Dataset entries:

◇ ◇ ◇ ◇

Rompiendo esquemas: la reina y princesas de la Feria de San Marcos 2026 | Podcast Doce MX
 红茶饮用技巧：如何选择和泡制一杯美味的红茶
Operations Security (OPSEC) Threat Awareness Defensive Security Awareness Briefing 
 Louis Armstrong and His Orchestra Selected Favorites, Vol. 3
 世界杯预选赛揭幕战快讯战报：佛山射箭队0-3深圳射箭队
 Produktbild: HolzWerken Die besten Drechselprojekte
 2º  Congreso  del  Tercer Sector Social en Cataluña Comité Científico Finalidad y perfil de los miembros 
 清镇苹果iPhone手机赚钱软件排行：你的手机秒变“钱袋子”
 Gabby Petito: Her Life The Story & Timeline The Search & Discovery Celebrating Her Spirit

◇ ◇ ◇ ◇

Your answer must be the lines from the one containing "Louis Armstrong and" through the last line of the entries, copied exactly, with no other lines.

**SOLUTION TO THE PROBLEM:**
 Louis Armstrong and His Orchestra Selected Favorites, Vol. 3
 世界杯预选赛揭幕战快讯战报：佛山射箭队0-3深圳射箭队
 Produktbild: HolzWerken Die besten Drechselprojekte
 2º  Congreso  del  Tercer Sector Social en Cataluña Comité Científico Finalidad y perfil de los miembros 
 清镇苹果iPhone手机赚钱软件排行：你的手机秒变“钱袋子”
 Gabby Petito: Her Life The Story & Timeline The Search & Discovery Celebrating Her Spirit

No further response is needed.